Public sector strike levels in the UK soar. The number of working days lost to strikes has risen to the highest in more than a decade. The Office for National Statistics said more than half a million days were lost to industrial disputes in August and September as annual wage growth failed to keep pace with the soaring cost of living.
The British government is restraining pay increases to the public sector to manage inflation. In October 2022, the inflation rate year-on-year hit 11.1%, up from September’s high. These levels have been the highest in 41 years and the Bank of England still expects two-digit figures to be seen in later months.
Amidst this inflationary environment, this has accentuated the tensions between public-sector employees and their employer. Public-sector employees want their purchasing power preserved against higher prices. For instance, one teachers’ union is demanding a 12% pay raise, against a government suggestion of 3%. The Economist finds that each one-percentage-point increase in the wage bill would cost the government around £2.4bn ($2.9bn), or 0.1% of GDP. That would require offsetting spending cuts, higher taxes or more borrowing.
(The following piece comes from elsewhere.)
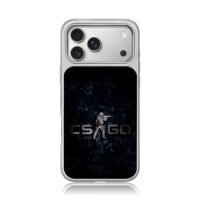 CSGO shooting soldier dark art iPhone 17 Pro Max Electroplated Silver Case1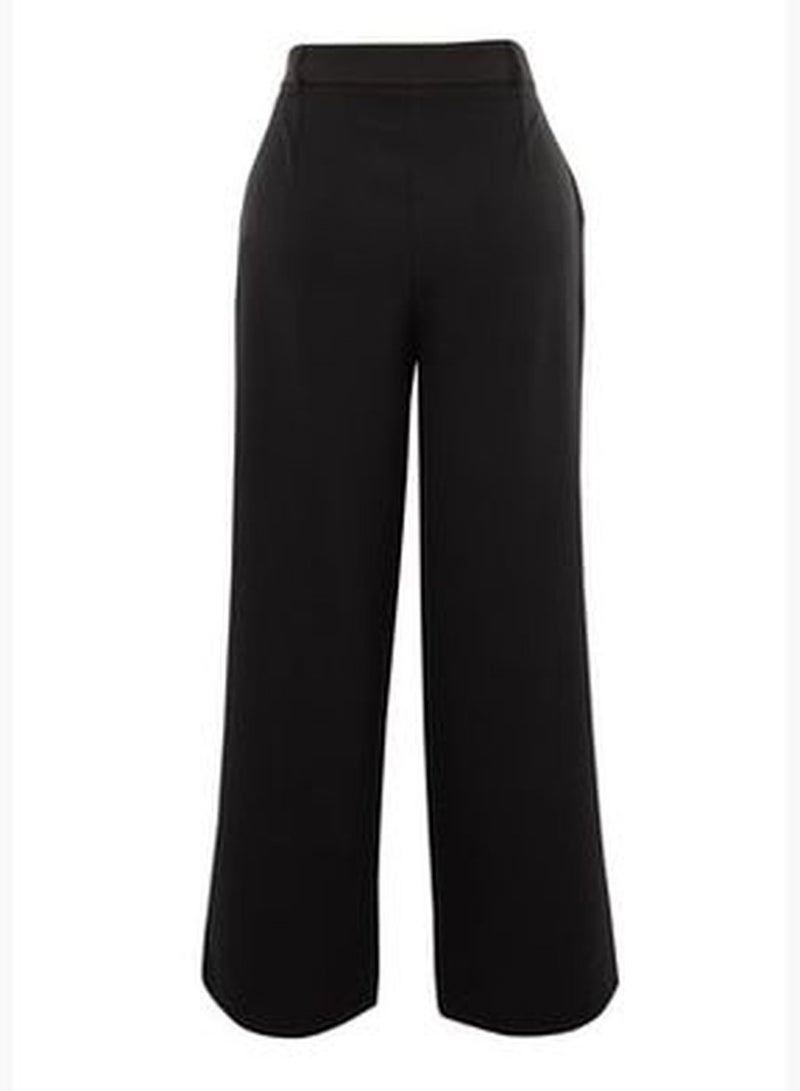 Black Wide Leg Woven Trousers TBBAW23AR00007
If granted, the pay raise bargained for by unions could then create a knock-on effect on the private sector, where workers could then be incentivised and emboldened to bargain for pay raises as well. This would then lead to an inflationary wage-price spiral where workers demand higher wages, raising costs to firms which are passed on in higher prices, and a vicious cycle is created.
One growing concern is the risk of public servants fleeing to the private sector, or worse still, not joining at all. Over the three months to April pay in the private sector, excluding bonuses, grew at an annual rate of 4.8%, compared with just 1.8% in the public sector. According to a study published by the Institute for Fiscal Studies, the average pay in the public sector is still higher than in the private sector but the gap between the two has narrowed significantly. Indeed, the study finds that controlling for differences in the two workforces for factors like age and education, the wage premium disappeared altogether in 2021-22, although this does not account for relatively generous public-sector pensions.
This then leads to the question of the theory of efficiency wages, most commonly seen in private firms, should be applied to the public sector to better attract and retain talent, and hence enhance the delivery of public services. In summary, the theory postulates that the efficiency of an organisation could be improved with higher wages via the following channels:
Selection: By offering higher wages, more applicants will be available to choose from and more promising applicants will apply.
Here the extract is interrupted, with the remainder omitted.